* [Work to complete] The lines to transcribe begin with the one containing "Vista 10 de" and end with the last line below; reproduce them exactly, without the pictures.

* [Data to use]
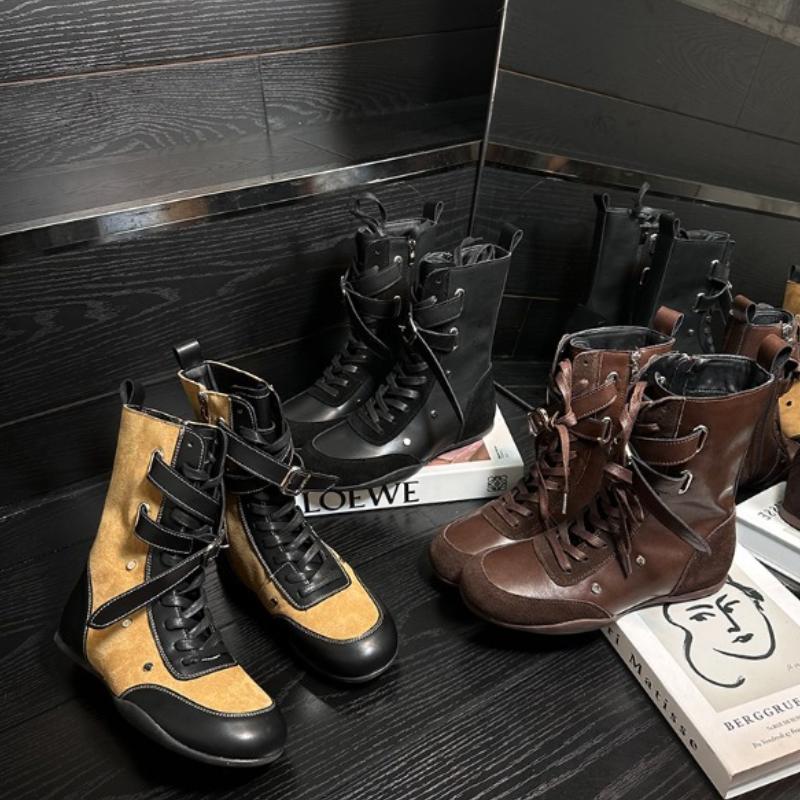 Fashion Design Sensation Boxing  Boots 2025 New Fashion Side Zipper Haome Mid-Calf Dequn Women's Boots Trendy Cross Bule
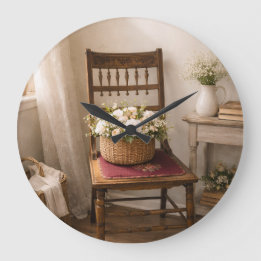 Grande Horloge Ronde Country French Chair Wall Clock – Cottage Core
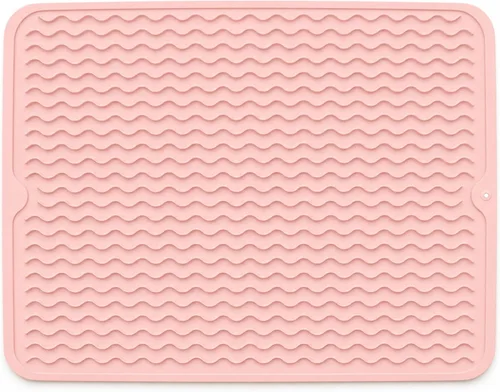 Vista 10 de Tapete de secado de silicona de 16 x 12 pulgadas, tapete antideslizante negro para fregadero para encimera de cocina, almohadilla de platos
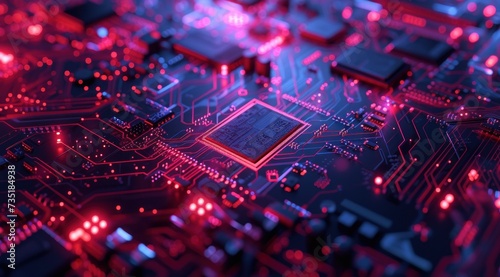 Circuits imprimés, intelligence artificielle, art de l'IA pour les entreprises et la technologie .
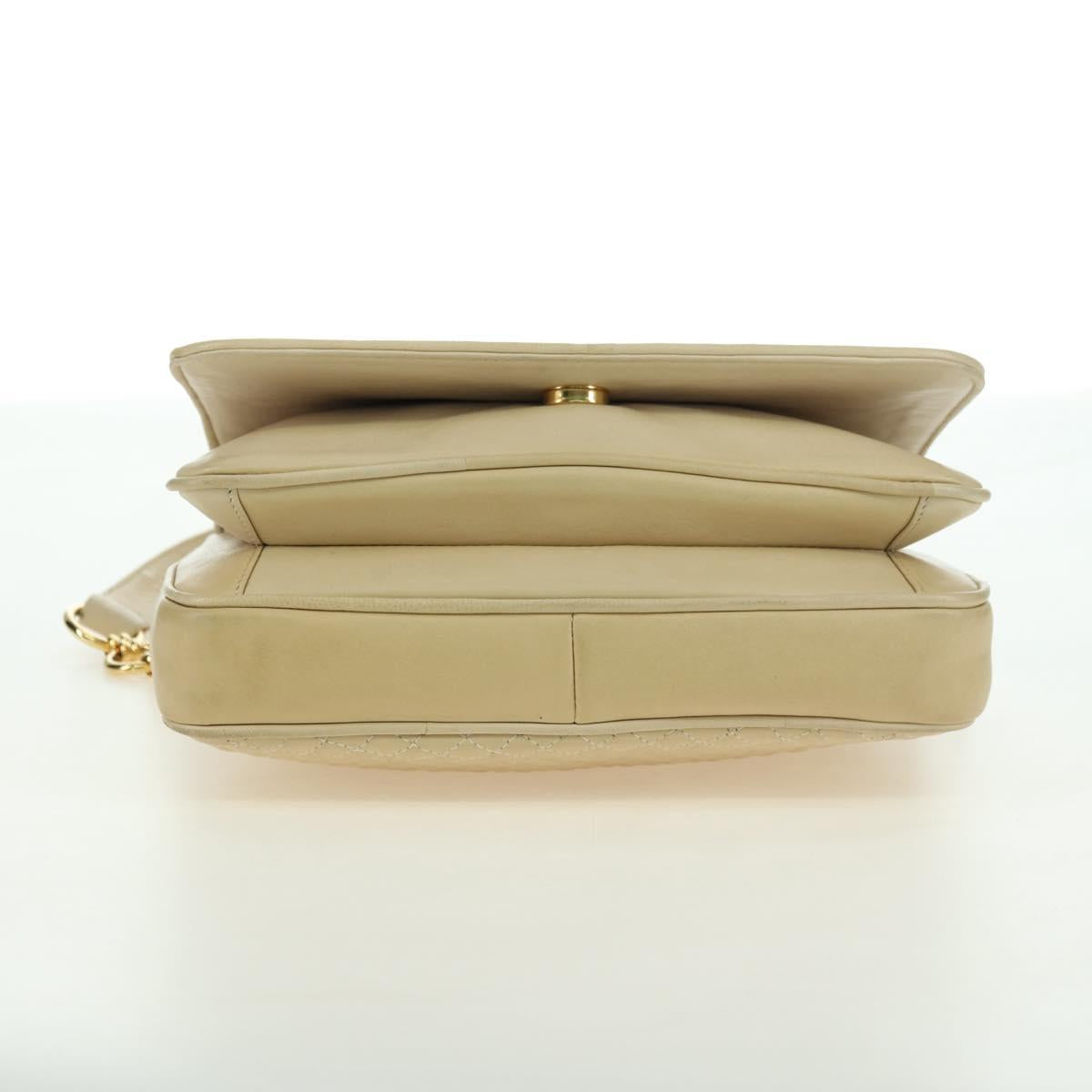 BALLY Shoulder Bag Leather Beige Gold Auth am11516A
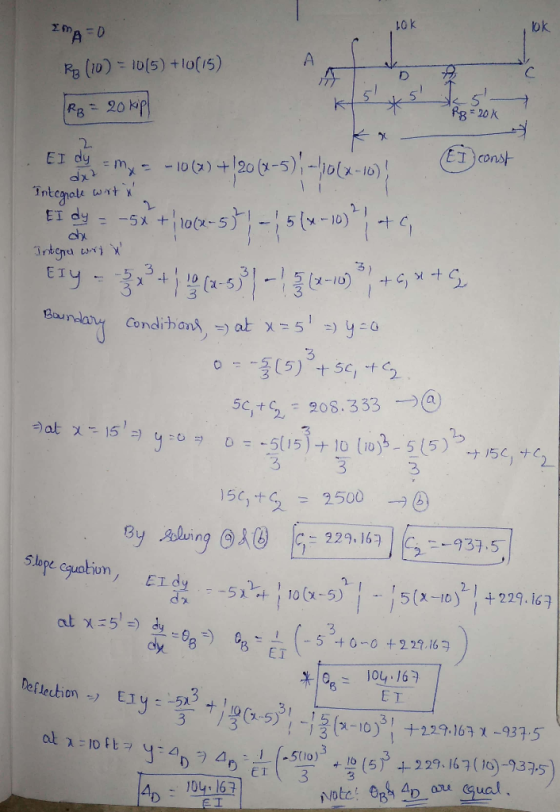 ok 0=94 RB (10) 10(5) + lo(15) D 20 Mp RB 20K RB ET const EI dy dx (Qr- al(S-)0z+ ()01- Tntcgrale EI dy- -5x + 10 chx Intera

* [Task result]
 Vista 10 de Tapete de secado de silicona de 16 x 12 pulgadas, tapete antideslizante negro para fregadero para encimera de cocina, almohadilla de platos
 Circuits imprimés, intelligence artificielle, art de l'IA pour les entreprises et la technologie .
 BALLY Shoulder Bag Leather Beige Gold Auth am11516A
 ok 0=94 RB (10) 10(5) + lo(15) D 20 Mp RB 20K RB ET const EI dy dx (Qr- al(S-)0z+ ()01- Tntcgrale EI dy- -5x + 10 chx Intera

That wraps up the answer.